Proceedural programming is great for reasoning about flow control, but the introduction of variables which provide a useful name and abstract over registers and memory addresses intruduces a source of potential problems: It is often desireable or nessicary to have two variables refer to the same thing, and it is possible to forget that is the case. This seems subtle at first, but this problem of shared state, speffically shared mutable state, has become the root of most bugs.
It might not seem obvious that this is the case, after all it's usually simple enough to keep things strait. But shared mutable state manifests in a lot of different ways. In C++ these show up as:
- Dangling pointers
- Use after free bugs
- Segfaults
- Iterator invalidation
In Java you see:
- Null pointer exceptions
- Concurrent modification exceptions
- Race conditions
- The need for synchronized blocks
- The need for a garbage collector
- The need for a JIT compiler because many optimizations can't be reasoned about from the code
There were two major responses to dealing with the problem of shared mutable state. Functional programming which sought to remove the mutability, and write code using only immutable shared data. Object oriented programming which sought to use encapsulation to prevent state from being shared, while maintaining mutability.
Both approaches have been developed over the course of decades. Now they both work quite well. However they usually don't work together. Because if nieevly combining ideas from the two results in shared mutable state, which loses the benefit of either approach. So while there have been many ideas that have crossed over from OO languages to Functional languages and vice versa, the have been limited and adapted to the language they are in, and in general don't achieve the same effect they do in the language they came from.
The most important idea in Rust is to go beyond this dichotomy. By allowing state to be mutable and shared, but not at the same time Rust can bring the full power of Object Orientation and Functional programming to bare in the same language at the same time. This allows for:
- Memory safety without Garbage collection
- High level abstraction without overhead
- Compile time prevention of all NPEs, CMEs, Resource leaks, and Race conditions. More importantly Rust opens the door to future paradigms and design patterns that just wouldn't be practical in other languages because they would be too error prone.
History of Rust
Work on Rust began in earnest in 2009 at Mozilla based on a prototype that Graydon Hoare had been working on for a few years previously. After three years of development the first pre-alpha version of the compiler was released in 2012.
Shortly after the first release Graydon stepped back from the project. This change was a hugely important milestone, because it allowed other people step up. This allowed the project to move to a open governance model, with many people providing different perspectives. Over the next three years the language changed, a lot. New features were added and more importantly several features were removed or moved into third party libraries. These changes dramatically improved the language, because it turns out a lot of ideas that sound great don’t turn out so well in practice.
Rust’s evolution because changes were always anchored in very practical concerns as the core team spent most of their time working on Firefox. (a 4.4 million line C++ code base.) Eventually, in 2015 Rust 1.0 was released.
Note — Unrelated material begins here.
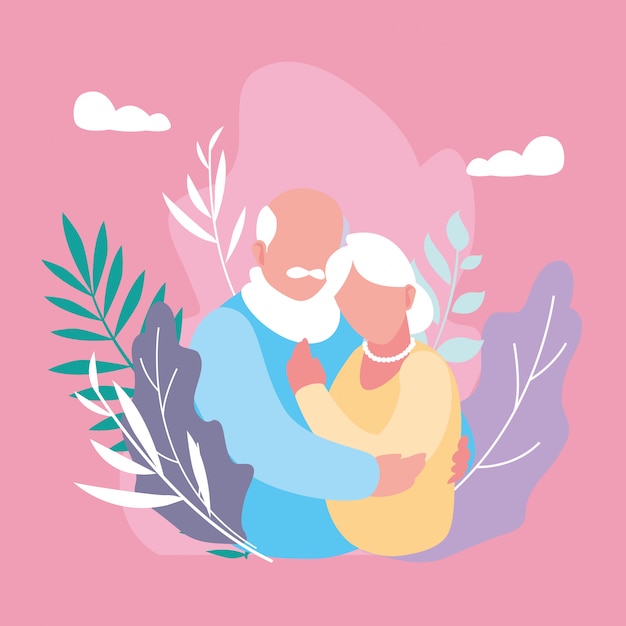 Cute old couple hugged with leafs decoration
This marked the first point where code could be written and still compile later. This marked a major change from pre-1.0 where if code that was more than 6 months old, you might as well rewrite it because the language was changing so quickly.
Since 2015 many features were added or modified, or moved out into libraries, but compatibility was always maintained. However overtime, things arose that would be better if compatibility could be broken. So to maintain their release frequency, and to avoid getting stuck in the compatibility trap that a lot of languages find themselves in, the Rust project team settled on a release system, where compatibility would with old versions would be maintained, but every three years a backwards incompatible changes would be introduced in a new ‘epoch’. The ‘epoch’ is specified explicitly and multiple different ones can co-exist in the same program. So the language can be stable, but without stagnating.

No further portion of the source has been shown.